Try TLA+ (learntla.com) for concurrency, Alloy Analyzer for structure, and SPARK or Frama-C for code-level stuff. See if you can feed TLA+ or Alloy properties into stuff like SPARK. E-SPARK did that with Event-B. These are the low-hanging fruit for verification vs full build out in Coq or Isabelle. Then, you write checkers for it to apply testing like KLEE, property-based, or fuzz testing.
These will get you close to full verification with less work. Each of the three languages has been used in a lots of CompSci and industrial work. Note that SPIN is similar to TLA+ and you can Google its industrial use for ideas of TLA+ power in concurrency analysis.
Java also has code-level specification language called JML, with a rich set of verification tools[1] (in fact, Frama-C's specification language, ACSL, was heavily inspired by JML).
Also, if you know TLA+, there's little reason to learn Alloy as well, as TLA+ is a superset of its features (as well as of Event-B, and you can compile TLA+ to Event-B to use its tools[2])
SPIN is not so similar to TLA+, as its language, Promella, is relatively low-level, while TLA+ allows an arbitrary level of detail, and so is well suited to specify very large, very complex applications, rather than small, well-contained ones. Also, if you absolutely must write proofs and have the considerable resources, I believe that Promella requires proving in Isabelle (which takes a long time to learn), while TLA+ has its own user-friendly proof language that hides Isabelle under the covers.
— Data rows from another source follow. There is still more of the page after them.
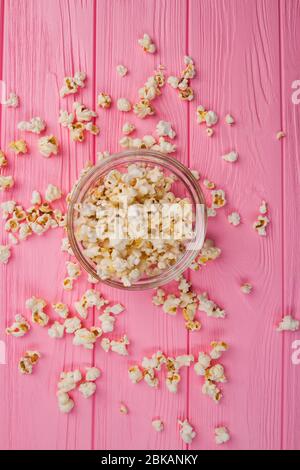 Flat lay popcorn in a glass bowl and sprinkled popcorn around it.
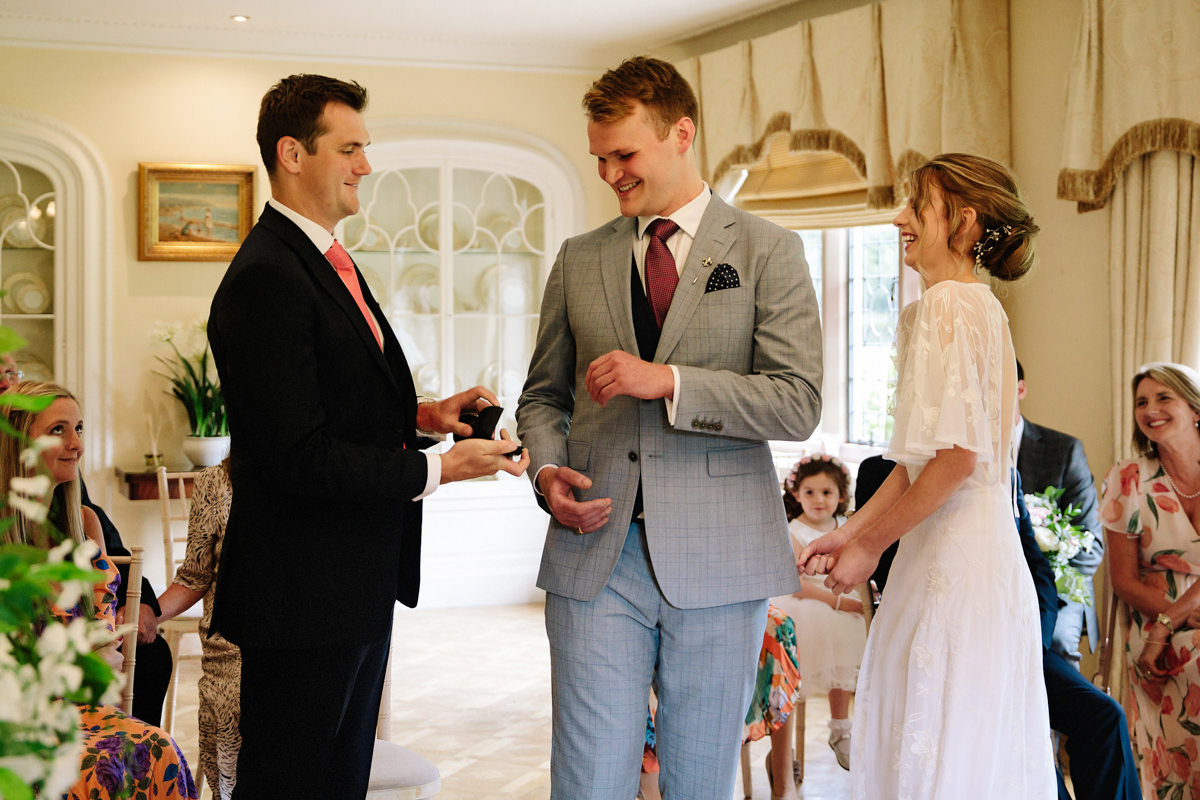 Best man hands over the wedding rings at Colshaw Hall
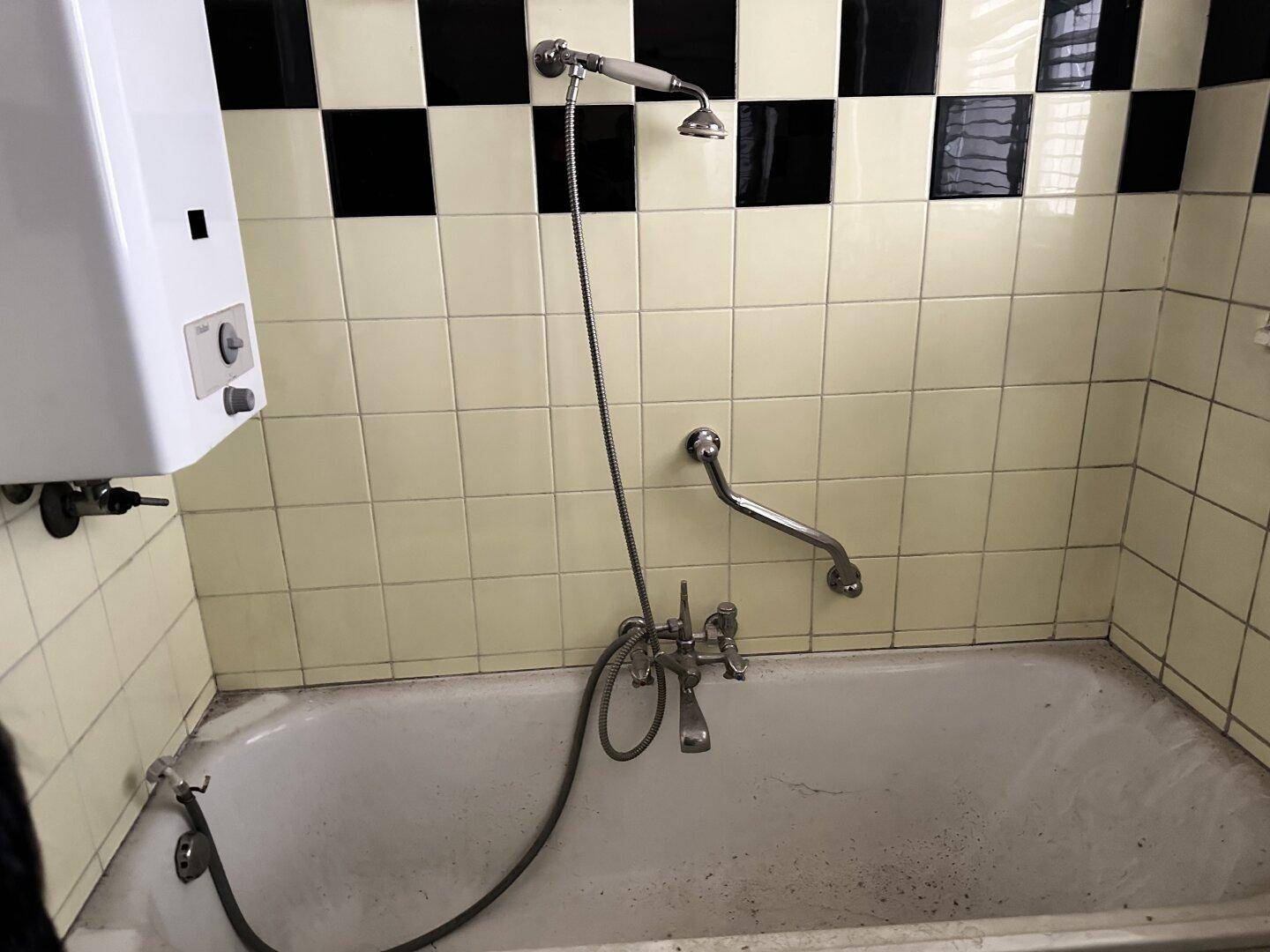 Badezimmer mit Badewanne, Duschkopf, Haltegriffen und gelb-schwarzen Fliesen im Retro-Stil.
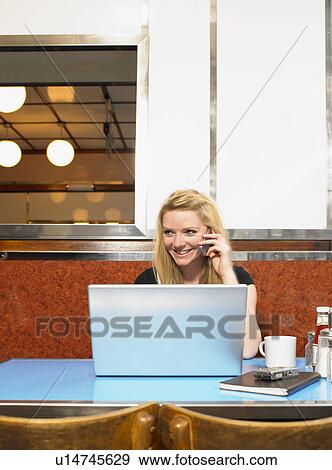 Young woman sitting with her laptop in a diner View Large Photo Image Stock Photo - Young woman sitting with her laptop in a diner. Fotosearch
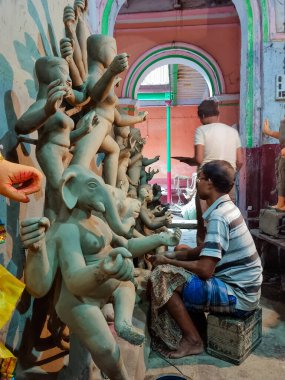 Kolkata, Batı Bengal, Hindistan - 19 Eylül 2021: Bir zanaatkar Hindistan 'ın Kumartuli bölgesindeki mobilyasız bir Durga idolü üzerinde yerel stüdyosunda çalışıyor.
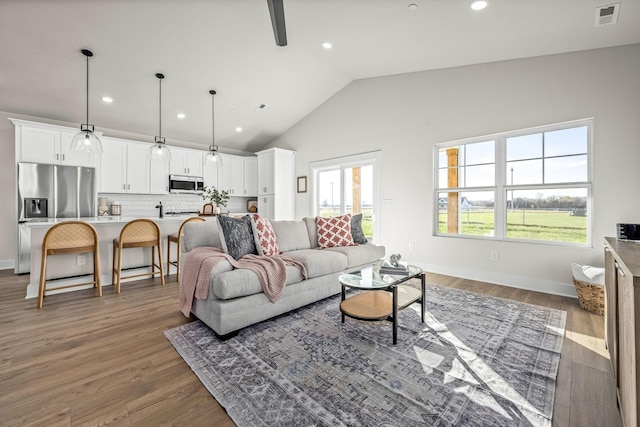 living area featuring recessed lighting, visible vents, vaulted ceiling, wood finished floors, and baseboards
Most people that use these tools told me TLA+ and Alloy do different things with their automated tooling. They usually say TLA+ looks at ordering of things with Alloy looking at structuring. I only found a few people comparing them directly, though. Do you have a resource showing TLA+ does same thing as Alloy or as easily?
Re SPIN
Im saying they were used similarly. You wrote in one artocle like set theory, model-checking for temporal errors, and so on are new. That was the default in high-assurance decades ago using things like Z specs with SPIN for concurrency. Then, they tried to go for verifying high-level code, then rough code, code then assembly, and so on with refinement proofs. However, it started with algorithmic verification with specs in set theory, first-order logic, and ASM's. Writeups like yours tell me Lamport's concept was to similarly use those easier formalisms leaving off anything but the algorithm. Then add more automation to get more bang for buck for more developers. A good idea since the subset of that which Z and SPIN offered had already prevented serious, sometimes deep, errors in prior systems.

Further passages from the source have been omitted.